Sauvés par la Poésie / Dionysiaque Apollinaire !

Dionysiaque Apollinaire !

Article paru dans Paroles – magazine de l’Alliance francaise de Hong-Kong à l’occasion du centenaire de la disparition d’Apollinaire.

« Mon vers s’est brisé comme un éclat de rire » 1918. La Grande Guerre. Deux jours avant l’armistice disparaissait Guillaume Apollinaire, fauché par la grippe espagnole. Patriote de la première heure, il s’engagea pour la France et ne cessa de versifier depuis les tranchées. Lui qui naquit à Rome d’une mère polonaise… Dans ses Poèmes à Lou datés de 1915, celui qui compare « le bel obus » aux « mimosas en fleur » ignore encore qu’un projectile lui coutera une trépanation puis sa longue et fiévreuse convalescence. La Belle Epoque est bien finie. Tour à tour critique d’art qui qualifia le premier de « cubistes » les toiles démentes de ses amis Braque et Picasso, dramaturge d’une seule pièce pour laquelle il forgea le terme « surréaliste », il fut surtout le poète génial de la modernité.

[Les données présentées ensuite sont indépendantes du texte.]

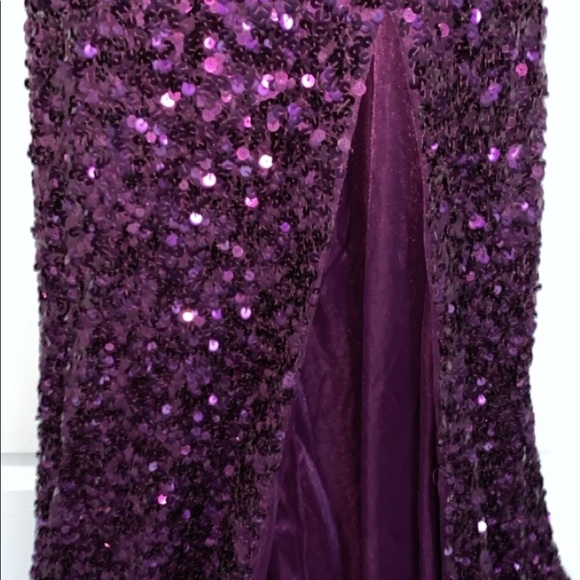 Hi My name is Samantha Joice, selling a prom dress - Picture 11 of 13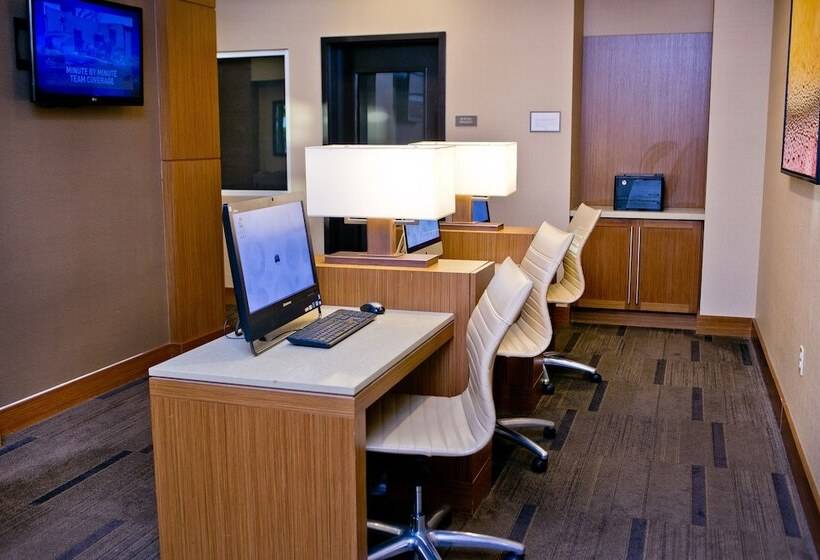 בית מלון כפרי Hyatt Place Pensacola Airport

Il insuffla au genre un « Esprit Nouveau » dans la forme et les images qui s’est avéré visionnaire. Comme le Janus de deux époques, il incarna la jonction entre le XIXe et le XXe siècle, entre la tradition héritée des symbolistes et le désir impétueux d’écrire, voir et ressentir au rythme de la ville et à l’aune de ses passions : avec effervescence et en ébullition… L’auteur d’Alcools – son unique recueil paru en 1913 – fut un jouisseur de vie, dionysiaque et apollinien à la fois, un amoureux fou du mot et de ses maîtresses dont nous célébrons le centenaire de la disparition avec un concours d’invention poétique. Le thème lui aurait sûrement plu : « l’ardeur » …

Matthieu Motte

5 entrées explication de texte Nuit rhénane

 

Nuit rhénane

Mon verre est plein d’un vin trembleur comme une flamme
Écoutez (1) la chanson lente d’un batelier
Qui raconte avoir vu sous la lune sept femmes
Tordre leurs cheveux verts et longs jusqu’à leurs pieds

Debout chantez plus haut (2) en dansant une ronde
Que je n’entende plus le chant du batelier
Et mettez près de moi toutes les filles blondes
Au regard immobile aux nattes repliées3

Le Rhin le Rhin est ivre (3) où les vignes se mirent
Tout l’or des nuits tombe (4) en tremblant s’y refléter
La voix chante toujours à en râle-mourir
Ces fées aux cheveux verts qui incantent l’été

Mon verre s’est brisé comme un éclat de rire (5)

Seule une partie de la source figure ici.